In [1]:
%load_ext autoreload
%autoreload 2

# Extract features, retrain Sherlock and generate predictions.

The script below first downloads the data (roughly 700K samples), then extract features from the raw data values. <br>
If you want to skip this step, you can follow the steps below the feature extraction to load the preprocessed data, 
retrain Sherlock and generate predictions.

In [2]:
import sys

import matplotlib.pyplot as plt
import numpy as np
import pandas as pd
from sklearn.preprocessing import LabelEncoder
from sklearn.metrics import f1_score
import tensorflow as tf
from ast import literal_eval

from sherlock import helpers
from sherlock.features.preprocessing import extract_features, convert_string_lists_to_lists, prepare_feature_extraction
from sherlock.deploy.train_sherlock import train_sherlock
from sherlock.deploy.predict_sherlock import predict_sherlock

from pympler import muppy, summary
from datetime import datetime

## Download data
This will download the raw values and preprocessed files, the corresponding labels as well as a few other supporting files:
- `download_data()` will download 3.6GB of data into the `data/` directory.
- `prepare_feature_extraction()` will download +/- 800 MB of data into the `features/` directory.

In [3]:
helpers.download_data()
prepare_feature_extraction()

Downloading the raw and preprocessed data into ../data/data.zip.
Data was downloaded.
Preparing feature extraction by downloading 2 files:
        
 ../sherlock/features/glove.6B.50d.txt and 
 ../sherlock/features/par_vec_trained_400.pkl.docvecs.vectors_docs.npy.
        
All files for extracting word and paragraph embeddings are present.


## Read in raw data
You can skip this step if you want to use a preprocessed data file.

## Report memory usage (can be slow)

In [4]:
report_memory = False

## Extract features
It is important that the string-representations of lists are first converted into lists of strings.
The labels should be a list of semantic types.

In [5]:
import time 

timestr = time.strftime("%Y%m%d-%H%M%S")

X_test_filename_csv = f'../data/work/test_{timestr}.csv'
X_train_filename_csv = f'../data/work/train_{timestr}.csv'
X_validation_filename_csv = f'../data/work/validation_{timestr}.csv'

### PREPARATION

In [6]:
# ensure embedding initialisation is outside of timing for extract_features
from sherlock.features.word_embeddings import initialise_word_embeddings
from sherlock.features.paragraph_vectors import initialise_pretrained_model, initialise_nltk
from sherlock.features.preprocessing import prepare_feature_extraction

prepare_feature_extraction()
initialise_word_embeddings()
initialise_pretrained_model(400)
initialise_nltk()

Preparing feature extraction by downloading 2 files:
        
 ../sherlock/features/glove.6B.50d.txt and 
 ../sherlock/features/par_vec_trained_400.pkl.docvecs.vectors_docs.npy.
        
All files for extracting word and paragraph embeddings are present.
Initialising word embeddings
Initialise Word Embeddings process took 0:00:06.035376 seconds.
Initialise Doc2Vec Model, 400 dim, process took 0:00:02.502077 seconds. (filename = ../sherlock/features/par_vec_retrained_400.pkl)
Initialised NLTK, process took 0:00:00.310960 seconds.

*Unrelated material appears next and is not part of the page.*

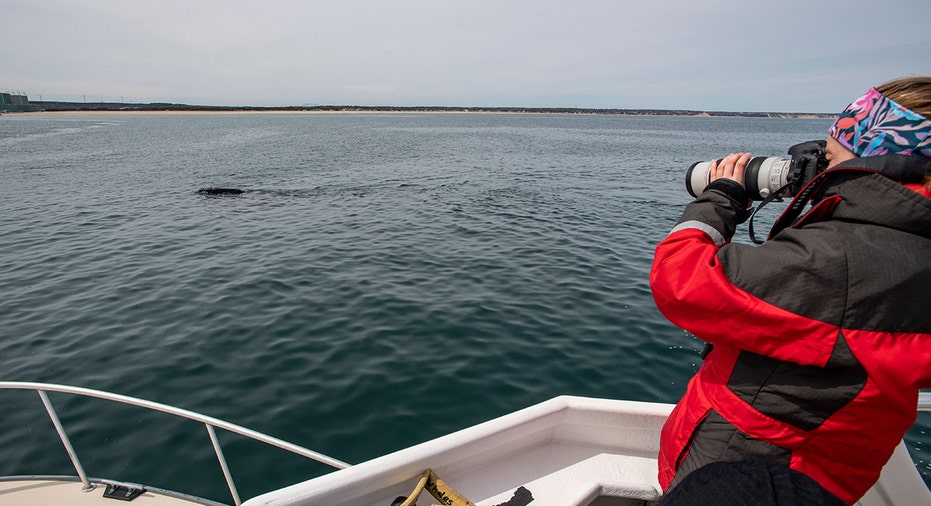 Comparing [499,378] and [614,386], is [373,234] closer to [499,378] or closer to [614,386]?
[499,378]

[nltk_data] Downloading package punkt to /Users/lowecg/nltk_data...
[nltk_data]   Package punkt is already up-to-date!
[nltk_data] Downloading package stopwords to
[nltk_data]     /Users/lowecg/nltk_data...
[nltk_data]   Package stopwords is already up-to-date!


In [7]:
from pyarrow.parquet import ParquetFile

def load_parquet_values(path):
    pf = ParquetFile(source=path)
    row_df = pf.read_row_group(0)

    return row_df['values']

In [8]:
%load_ext line_profiler

## EXTRACT FEATURES TO CSV (NEW METHOD)

### TEST SET

In [9]:
# from sherlock.functional import extract_features_to_csv2
# from sherlock.global_state import reset_first

# reset_first()

# values = load_parquet_values("../data/raw/test_values.parquet")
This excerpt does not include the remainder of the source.